WHAT YOU WILL DO: Repeat the whole listing word for word, skipping pictures.

──────── COLLECTED DATA

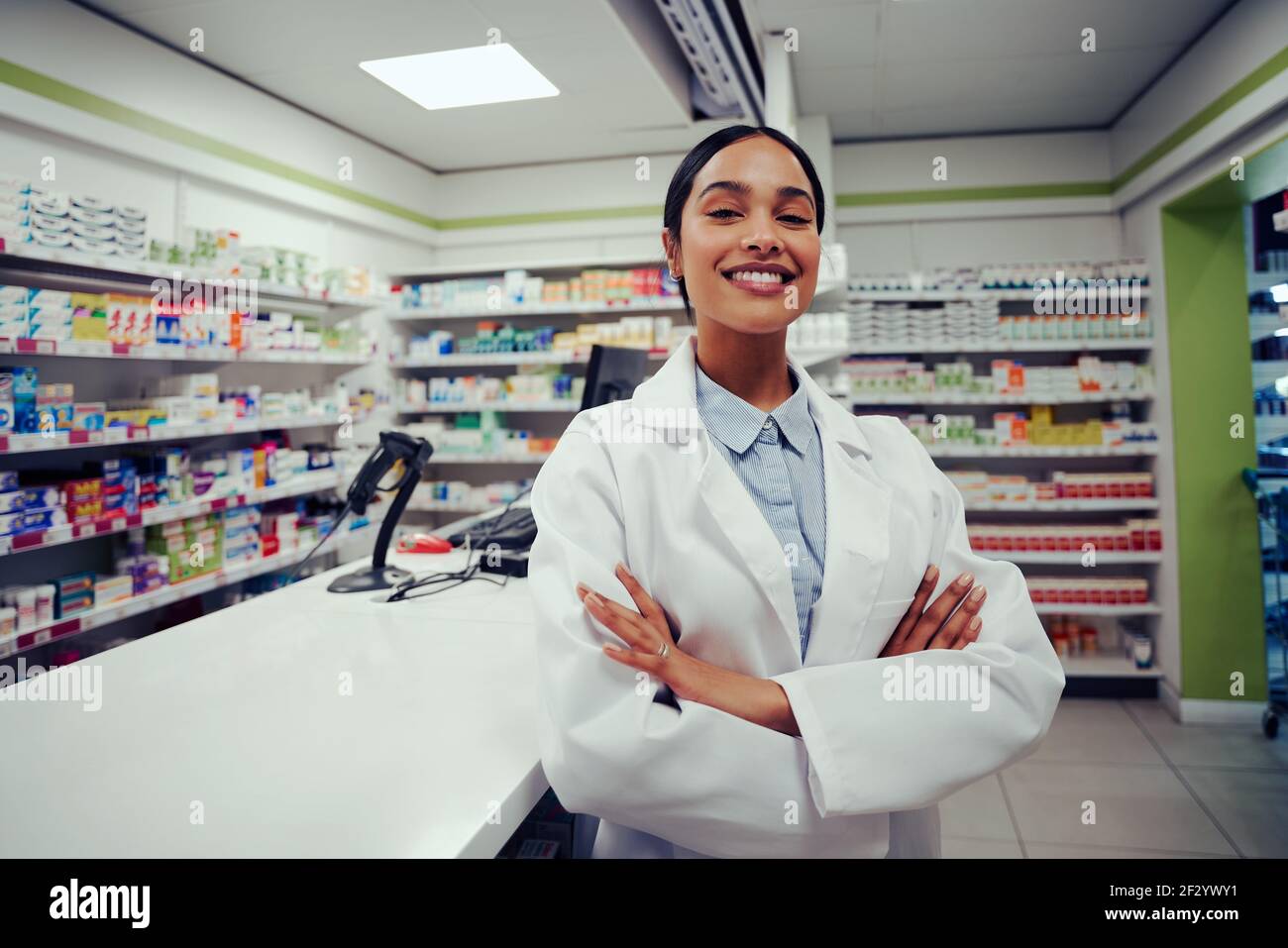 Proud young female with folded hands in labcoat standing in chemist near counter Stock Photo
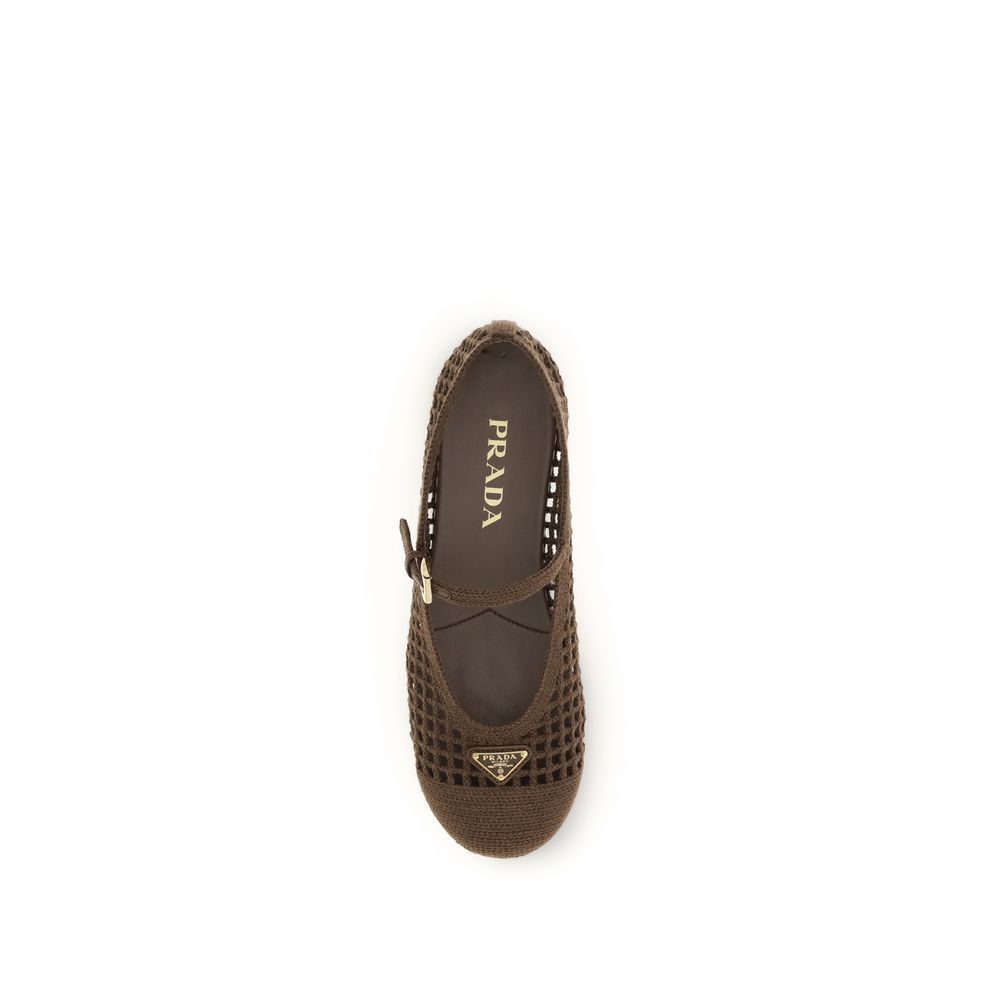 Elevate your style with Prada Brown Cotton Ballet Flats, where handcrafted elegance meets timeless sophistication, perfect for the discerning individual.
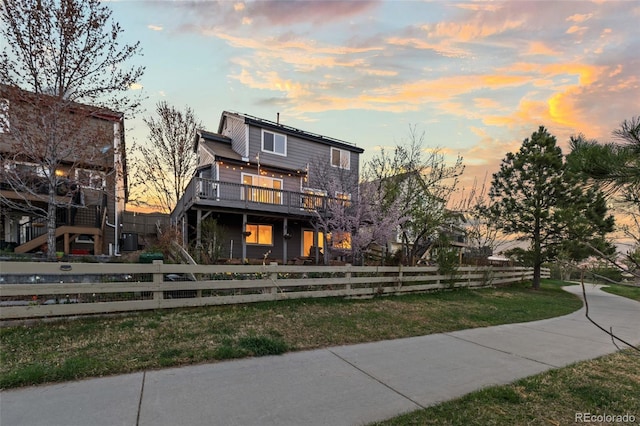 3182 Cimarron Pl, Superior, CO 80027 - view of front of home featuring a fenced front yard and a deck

────────────────

EXERCISE OUTPUT:
 Proud young female with folded hands in labcoat standing in chemist near counter Stock Photo
 Elevate your style with Prada Brown Cotton Ballet Flats, where handcrafted elegance meets timeless sophistication, perfect for the discerning individual.
 3182 Cimarron Pl, Superior, CO 80027 - view of front of home featuring a fenced front yard and a deck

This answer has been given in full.